Razan al-Najjar est morte il y a environ deux ans et demi, mais j’ai encore présente à l’esprit la vision claire de celle-ci. L’ambulancière âgée de 21 ans a été tuée par les tirs de soldats israéliens pendant une des manifestations de la Grande Marche du Retour à Gaza, le 1er juin 2018. Des témoins disent qu’elle a été atteinte par les tirs alors qu’elle se dirigeait vers la barrière qui sépare Israël et la Bande de Gaza pour soigner les blessés, en ayant revêtu une blouse médicale blanche.
Des photos de la jeune fille souriante se sont répandues sur Internet dans le monde entier, mais se sont bientôt perdues dans la mer des photos et des noms de ceux qui ont été tués pendant les manifestations hebdomadaires, dans ce qui est rapidement devenu un rituel hebdomadaire de mort, de désespoir et de sang.
Al-Najjar à été l’une des plus de 200 Palestiniens tués par les soldats israéliens pendant les manifestations de la Grande Marche du Retour, au cours de 86 semaines, ayant commencé le 30 mars 2018. Selon l’ONU, plus de 33.000 personnes ont été blessées dans ces manifestations, certaines si gravement que l’on a été forcé de leur amputer les membres. Il y avait parmi les victimes des hommes, des femmes, des enfants, des membres des équipes médicales, des personnes handicapées, des journalistes et d’autres. Je me souviens clairement de ces redoutables vendredi, où nous devions suivre avec effroi les rapports provenant du terrain, en les mettant à jour d’heure en heure. Je me souviens avoir ressenti que ce qui se passait là-bas était atroce à une autre échelle. C’était inimaginable.
Inimaginable, et cependant pas totalement surprenant. Dans une interview accordée à +972 Magazine avant que les manifestations ne commencent, un des organisateurs de la marche, Hassan al-Kurd, a souligné le caractère civil des manifestations prévues, tout en exprimant sa préoccupation sur la possibilité d’une réponse mortelle de la part des militaires.
Il n’aurait pas pu avoir davantage raison. Quand des organisations des droits de l’homme ont présenté des requêtes contre les règles d’ouverture de feu en usage lors de ces manifestations, avec une affaire portée par les associations des droits de l’homme Yesh Din, l’Association des Droits Civils, Gisha, et HaMoked, et une autre portée par Adalah et l’association Al Mezan basée à Gaza, l’armée a adopté la démarche de dire que les meurtres et les blessures de masse à Gaza ne constituaient pas un sujet d’enquête pénale.
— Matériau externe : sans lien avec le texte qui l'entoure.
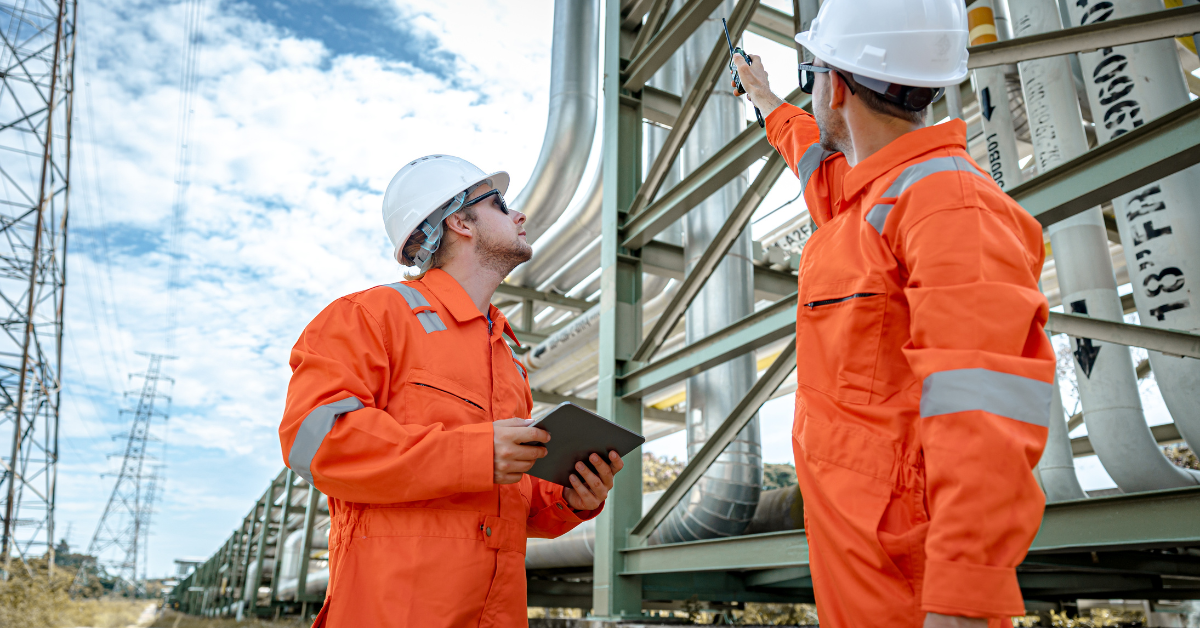 a group of men wearing orange jumpsuits and helmets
Au contraire, elle a affirmé que les incidents faisaient partie du conflit armé d’Israël avec le Hamas — même si les manifestants étaient pour la plupart des civils non armés qui ne prenaient pas part aux hostilités.
A ce titre, selon l’armée, quoi que ce soit qui arrivait pendant les manifestations tombait carrément sous les règles de la guerre, et toute plainte relative aux morts et aux blessures devait être traitée dans un cadre juridique différent. Et donc, au lieu de faire passer ces plaintes par la voie habituelle des enquêtes criminelles militaires, elles étaient renvoyées au curieusement appelé « Mécanisme général du personnel pour l’évaluation des faits ».
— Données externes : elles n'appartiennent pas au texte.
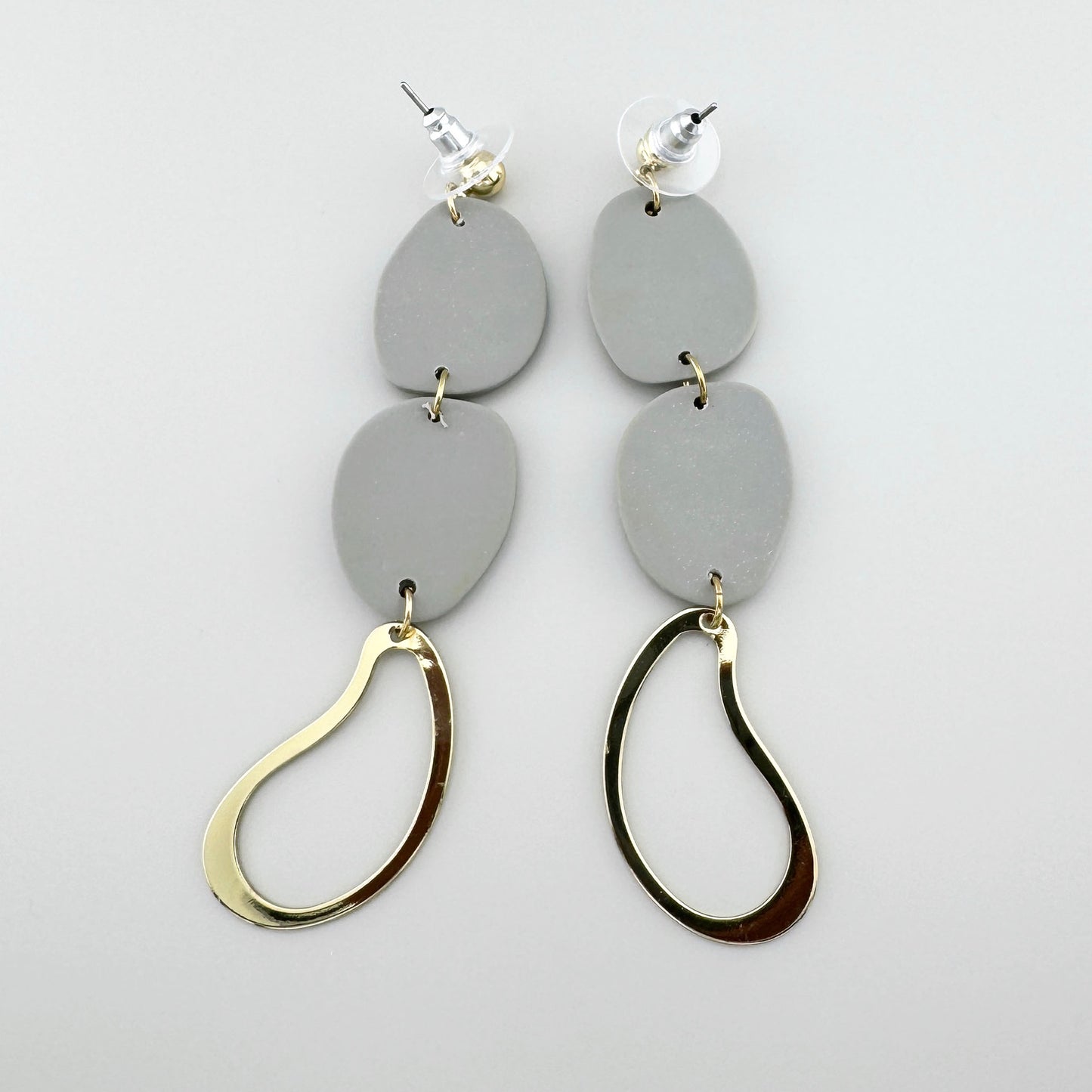 Pendientes con elementos grises de arcilla polimérica y colgantes dorados en forma de gota, diseño moderno.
Ce mécanisme, instauré après la guerre de Gaza en 2014, est destiné à effectuer des évaluations factuelles rapides en cas de suspicion de violation des règles de la guerre. Une prise de position publiée cette semaine par l’association des droits humains Yesh Din, qui s’appuie sur des chiffres obtenus de l’armée, révèle que la fonction principale de cet organisme est - comme toujours - de blanchir la violence des Israéliens.
Le document révèle aussi que, alors que l’organisme chargé d’enquêter se penchait sur la mort de 234 Palestiniens, seulement 17 enquêtes ont à ce jour été ouvertes, dont la plupart sont encore en cours. Un seul acte d’accusation a été déposé, qui a finalement abouti à une négociation de plaidoyer dans laquelle le soldat abattu était accusé d’un délit disciplinaire plutôt que criminel. L’acte d’accusation lui-même ne mentionne pas l’infraction liée au meurtre proprement dit, et le soldat a été condamné à une peine clémente de 30 jours de travail d’intérêt général, à une peine de prison avec sursis et à une rétrogradation au rang de simple soldat.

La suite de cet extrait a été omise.